Despite all this, not to mention his own naturally educated cynicism, Hutchinson himself routinely slept in an altitude tent during his professional career. ‘As a rider you do it for the same reasons you try any different training regime or interval protocol – potentially there’s an advantage. While some people have had no success, others have recorded what seem to be impressive results using tents and have clearly generated changes in their blood oxygen values.

‘The advantages are always going to be small and when you’re conducting these experiments on yourself it’s very hard to spot significant differences. But you satisfy yourself that at the very least it’s not making you any slower. And you get on with it – when I was riding I’d try anything that didn’t slow me down.’

Pool of evidence

For Delahaije, as with the rest of the pro circuit, altitude training is central to team preparation and is only becoming more important. ‘In the beginning it was used in preparation for the big tours. Now even Paris-Nice and other smaller races are prepared for at altitude. Everyone knows this is making the difference. As well as our camps, we also use tents before and after training for the guys racing the Classics. It’s really hard in that period to go to altitude with so many one-day races, so they use tents at certain times.’

For Rodriguez, as a man of science, the ultimate altitude mix is a blend of high and low training for blood adaptation and effective training stimulus.

‘We just ran the largest altitude test in any sport with 65 elite swimmers preparing for London 2012. A control group trained at sea level, one group trained high and lived high in the Sierra Nevada for four weeks, another group did the same but for three weeks while another group trained and lived at altitude, but came down to 700 metres for high intensity work.

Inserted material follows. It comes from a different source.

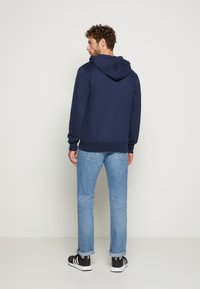 Marineblauer Kapuzenpullover mit geripptem Saum, getragen mit hellblauen Jeans und schwarzen Schuhen. Die Ansicht zeigt Rücken- und Seitenprofil.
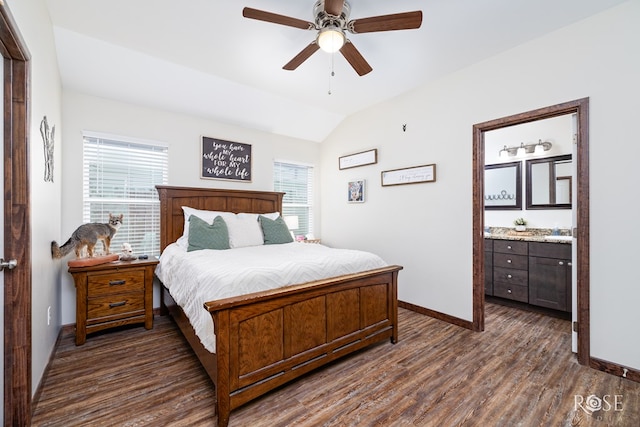 bedroom featuring dark wood finished floors, vaulted ceiling, baseboards, and ensuite bathroom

‘Using a wide range of markers we saw an improvement for them all of 3-3.5%, but the altitude group also training at sea level improved by about 6% – significantly better.’

While true that this particular study focused on swimmers racing distances up to 1,500m, so racing for far shorter times than the average road rider (the 1,500m world record for men is 14m 31s), the results make interesting reading and back up the idea that sprinters, points racers, one-day riders and track cyclists will all need different altitude protocols to climbers and those focusing on Grand Tour glory.

For Delahaije, however, science is one thing and real-world experience is another. ‘Scientifically they say you have to live high, train low, but I’m still convinced that living and training at natural [high] altitude does more. That’s what I see in my athletes and in my view it is the best. Also in these situations you do a lot of climbing and are really focused on the big tour coming up – this focus is also part of the altitude game.’

As Delahaije points out, ‘At our level, altitude training isn’t an advantage anymore. It’s a disadvantage if you don’t do it.’

How to do it

Warning: it takes a while

Belkin Pro Cycling team performance manager Louis Delahaije says, ‘You need to acclimatise at 2-3,000m for least four days, during which you’re doing no more than two hours gentle training. After this for five or six days you can do endurance training with really long rides, but take it easy. Include one or two good rest days. After 10 days you are more or less adapted and can start to go faster. After 12 days you can do intervals and power training, but remember to add rest days throughout, and you’ll need to keep this up for another two weeks to benefit fully.’

Altitude training: the three ways

1. Live high/train high

AKA: altitude camps

Method: Live and train at altitude (2,000-3,000m) for three or more weeks.

Pros: Blood adaptation guaranteed.

Cons: Immune function may be compromised, risk of muscle loss
and anaemia if not expertly managed.

2. Live high/train low

AKA: altitude sleeping

Method: Train normally at sea level, sleep at altitude.

Pros: Blood adaptation possible with training to suit all types of riders.

Cons: Unless you live in Tenerife, you’ll need a tent or chamber to sleep in.

3. Live low/train high

AKA: intermittent hypoxic training

Method: Live at sea level, train with low-oxygen face mask.

Pros: Easiest option, most economical.

Cons: No blood adaptation, perceived exertion may be higher than real exertion.